Don't take early intervention for granted
Monday, October 15, 2012
When the Deputy Prime Minister made the welcome announcement at the Liberal Democrat conference that £100m of capital funding would go to help nurseries and childminders increase the number of places they offer, it felt like the party conference season was getting off to a promising start for early intervention.
However, when the same day it came to light that critical funds allocated for early intervention are now subjected to significant reductions, it seemed that what was being given with one hand was being taken away with the other.
It is proposed that £150m from the Early Intervention Grant – which funds children’s centres alongside other core services for children and young people’s learning, development, health and wellbeing – will be held back for central spending and a further £286m is being removed and is currently unaccounted for.
In total, £436m is to be taken from the grant over two years – 21 per cent of its total.
These proposed changes pose serious risks to both the future funding of Sure Start children’s centres in England and wider efforts to provide early help. Early intervention is crucial in reducing the financial burden on public services, as well as benefiting the lives of millions of troubled and disadvantaged families across the country. Removing local authorities’ ability to invest in early intervention is unthinkable at such a crucial stage in the move to redesign services away from crisis and towards prevention.
Worryingly, the changes to early intervention funds do not end with these reductions. The consultation document outlining the changes to the grant proposes that it be merged with councils’ general revenue scheme from next year, effectively closing the grant entirely.
While early intervention funding is not ringfenced, the existence of the grant plays a significant role in raising the profile of early intervention. Those championing the new approach locally talk of the grant’s symbolic importance in galvanising support for early intervention and in forging a more joined-up, integrated approach to support for children and families.

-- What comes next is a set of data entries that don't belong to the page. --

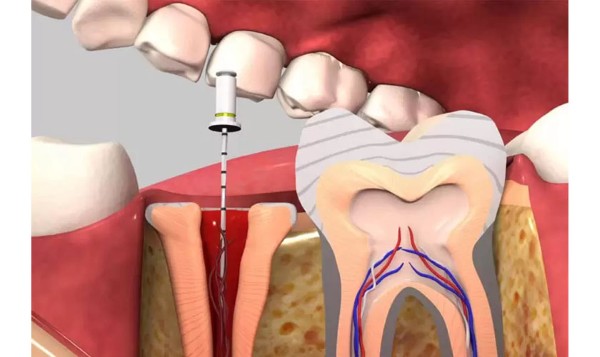 Các câu hỏi thường gặp về có nên bọc răng sứ sau khi lấy tủy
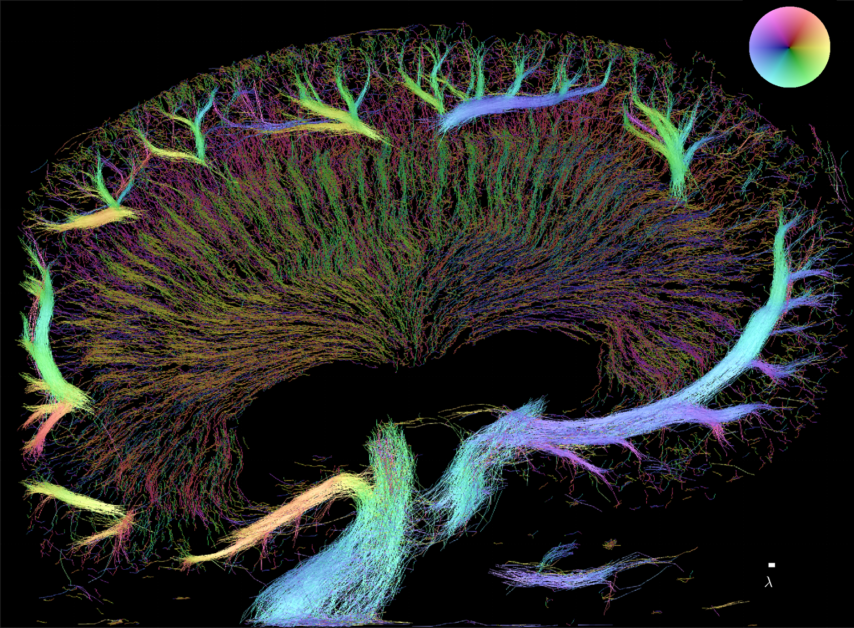 Mapping the Diabetic Kidney Microvasculature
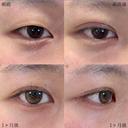 二重埋没法 before画像 サムネイル用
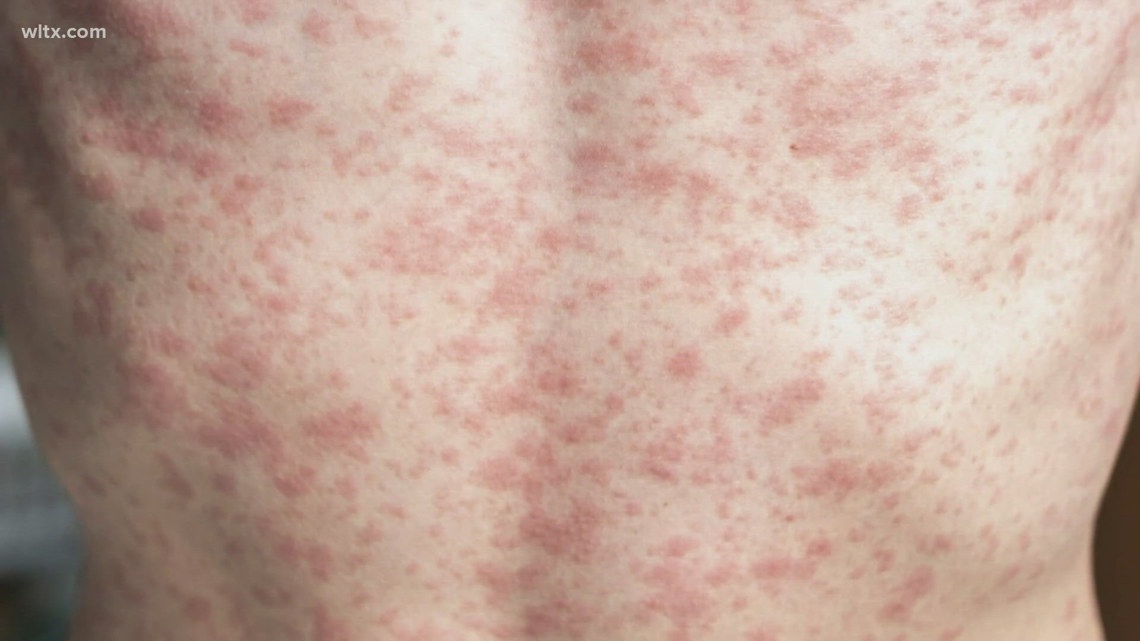 Measles outbreak now affecting over 300 persons in South Carolina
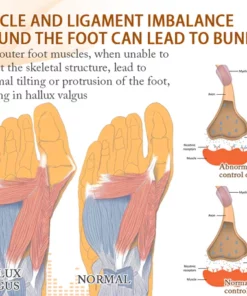Fivfivgo™ Ferninfrarot-Fußkorrektur-Therapiesocken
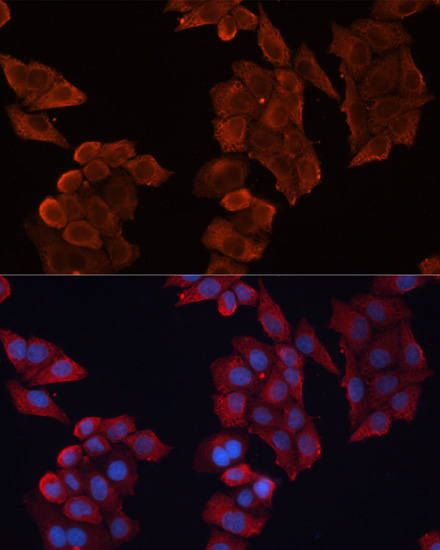 HSP27/HSPB1 Rabbit Polyclonal Antibody - Image 3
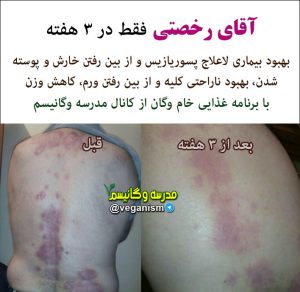 درمان دفع پروتیین کلیه با خام گیاهخواری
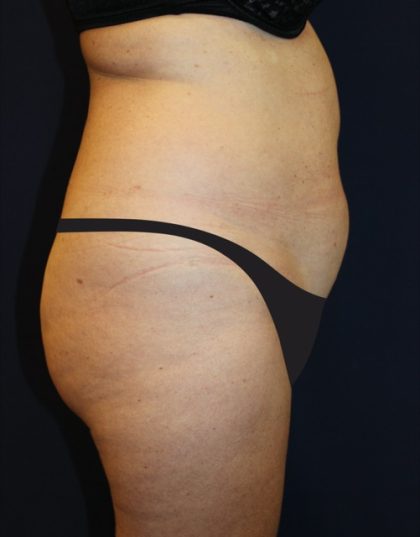 Tummy Tuck Before & After Patient #4179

These are just the kind of approaches the forthcoming Early Intervention Foundation will want to showcase – demonstrating evidence of what works and disseminating information to commissioners. The demise of the Early Intervention Grant makes all this much harder, putting a question mark over the importance of the work just as it needs to start expanding.
Children’s centres have shown considerable resilience in the face of budget reductions in the past, as 4Children’s 2012 census has shown. The positive news is that many centres are coping with significant budget reductions and have responded flexibly and innovatively to cuts. Furthermore, the census revealed that a significant number of centres have seen their budgets remain the same from the previous year. This would suggest that a number of local authorities are protecting the budgets of their centres in the face of cuts. But with 50 per cent already stating that their finances are less sustainable, these further reductions are likely to test even the most buoyant provision.
The government’s commitment to early intervention has been a welcome aspect of its desire to save money in the long term, with Graham Allen’s two reports giving strength and urgency to the argument. At this year’s Labour Party Conference, former Deputy Prime Minister John Prescott joined the call, arguing that policing needs to be delivered in the context of an integrated framework to be able to tackle effectively the causes of youth crime, such as alcohol and drugs. Only by intervening early, he argued, can we begin to prevent young people from committing crime and ending up in the justice system. These proposals cast doubt over how this can happen within the timescale needed.
If we are to offer children and young people the support we know they need before problems become entrenched, proposals to reduce early intervention funding and abolish the Early Intervention Grant must be halted and a plan for year-on-year increases put in place. Only then will we make the savings and gains that children and young people deserve.